Natif de Tétouan, le 22 février 1918, Mehdi Bennouna était tellement serviable qu'il ne comptait que des amis. Au Maroc comme dans plusieurs pays arabes et africains.
Mehdi Bennouna, fondateur et premier directeur général de l'agence Maghreb arabe presse (MAP), est décédé, mardi 23 mars 2010 à Rabat, à l'âge de 92 ans, des suites d'une longue maladie. Il est parti serein et avec le sentiment du devoir accompli. Le Souverain a adressé un message de condoléances à la veuve du défunt, Hajja Khadija Slaoui, et à l'ensemble de ses proches. M. Bennouna a été inhumé le jour même à Tétouan après la prière d'Al-Asr.
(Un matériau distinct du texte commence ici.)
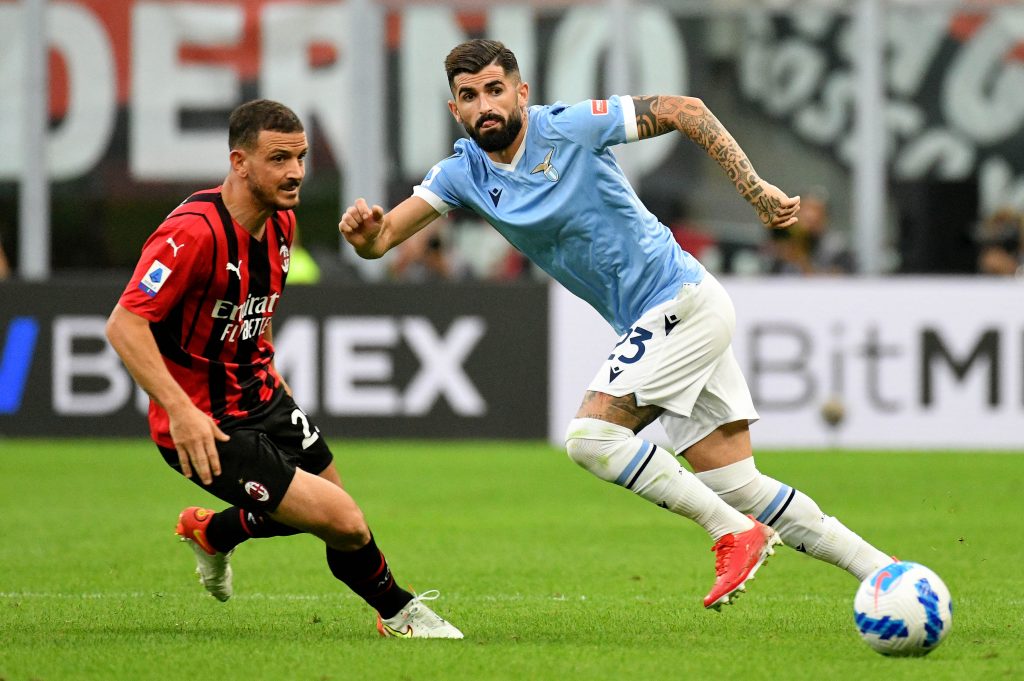 Alessandro Florenzi affronta Elseid Hysaj.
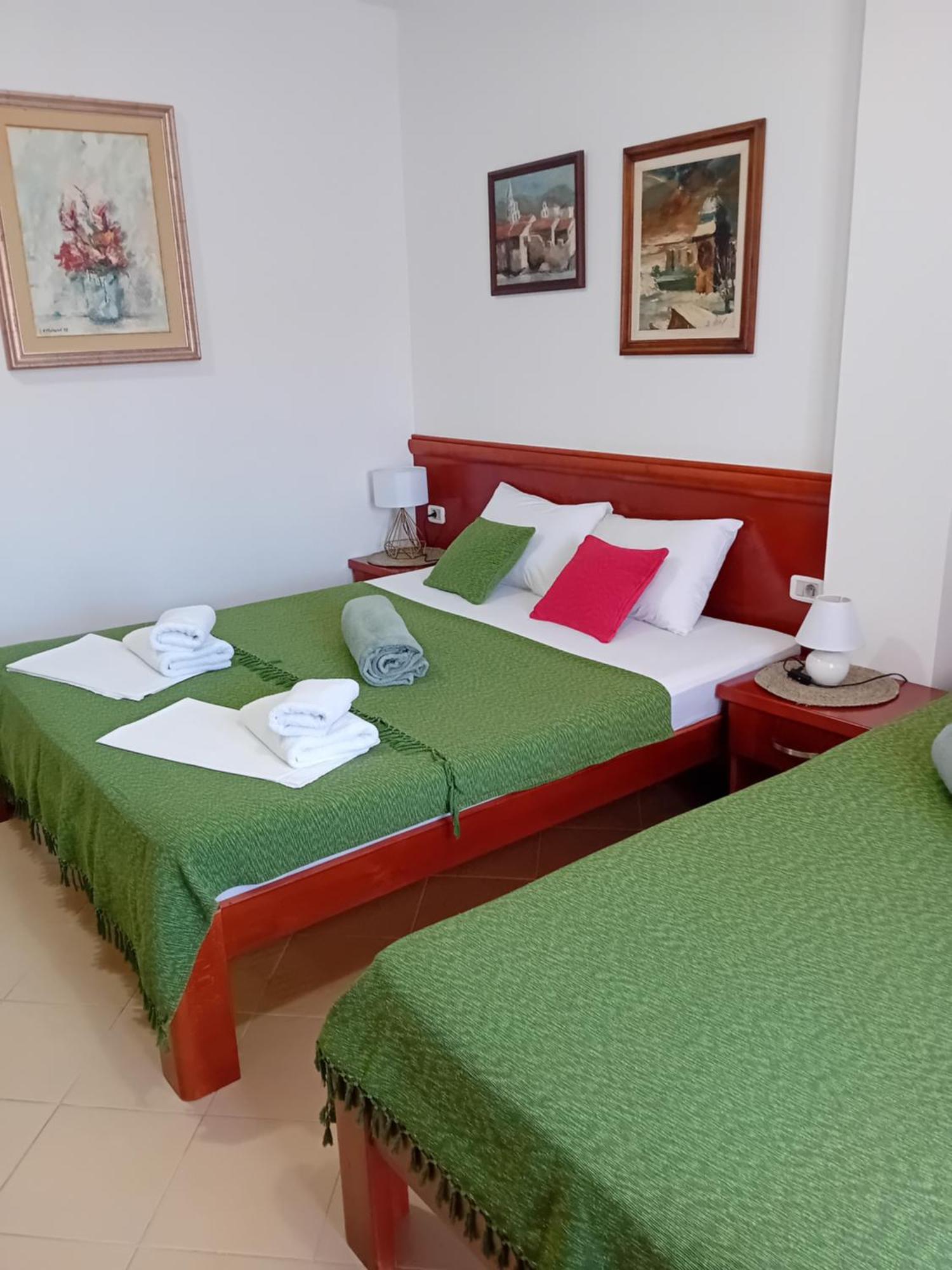 Apartments Krapina Lux بودفا المظهر الخارجي الصورة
Nationaliste de la première heure, Mehdi Bennouna a entamé ses études secondaires en 1929, à Naplouse, en Palestine, où il avait été envoyé par son père, Abdeslam. Il a saisi très tôt l'importance de la presse et du journalisme pour défendre la cause nationale, celle de l'indépendance du pays. Ce n'est pas pour rien qu'après son retour au Maroc, en 1936, il repart l'année d'après au Caire pour une formation en journalisme sanctionnée par un diplôme en 1941. Il rejoint le grand quotidien égyptien “Al Ahram”, où il exerce jusqu'en 1944. Une période qui a coïncidé avec la Deuxième Guerre mondiale. Durant ces quatre ans, Mehdi Bennouna a donné la pleine mesure de son talent de journaliste de terrain en couvrant pour le compte d'agences internationales quelques unes des plus célèbres batailles de cette guerre.
Voie du pluralisme
Mais son séjour cairote aura été également pour lui l'occasion de prendre part aux actions nationalistes. Il participe en 1937 à la constitution du Comité de Défense d'Almaghreb Al Aqsa. Un comité qui allait accueillir les leaders marocains Allal El Fassi et Abdelkrim El Khattabi. Sans parler du Bureau de Liaison des Mouvements d'Indépendance des Pays d'Afrique du Nord (Maroc, Algérie et Tunisie) qu'il allait fonder dix ans plus tard, au siège de l'ONU, à New York. Auparavant, M. Bennouna rentre en 1944, au Maroc pour se dédier à l'enseignement à l'Institut Libre de Tétouan et participe à la fondation du Syndicat des Travailleurs affilié au Parti des Réformes nationales (PRN), fondé, par Abdelkhalek Torrès. En 1953, il dirige à Tétouan le journal Al-Oumma (organe du PRN), qu'il quittera à l'indépendance en 1956 pour le Service de Presse du Cabinet Royal. En 1959, il lance l'Agence Maghreb Arabe Presse (MAP), dont il sera le président directeur général jusqu'en 1975. Entre 1958 et 1962, il porte assistance à la création de plusieurs agences de presse de pays amis puis il supervise le lancement de l'agence de presse (AIIC), de la Conférence Islamique, en 1973-74. Son regret, c'était la nationalisation de la MAP, en janvier 1974, qui, pour lui, «… ne concordait pas avec la voie du pluralisme sur laquelle le pays a toujours été engagé», nous avait-il déclaré en 1999.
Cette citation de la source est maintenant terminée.